- _GIVEN DATA_
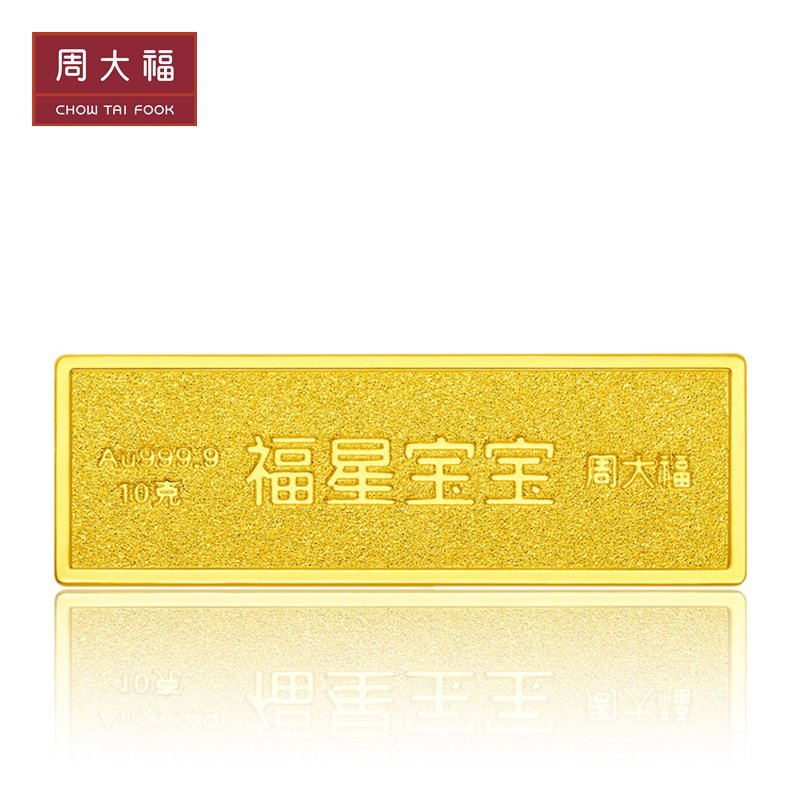 周大福福星宝宝黄金足金投资金条约10g计价if多款可选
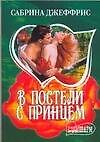 В постели с принцем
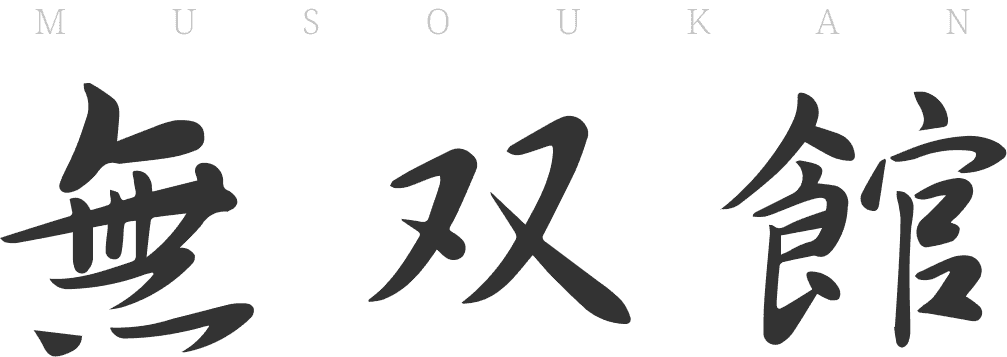 kanji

- _EXERCISE OBJECTIVE_
Retype all of the data above word for word, excluding the pictures.

- _FINISHED TASK_
 周大福福星宝宝黄金足金投资金条约10g计价if多款可选
 В постели с принцем
 kanji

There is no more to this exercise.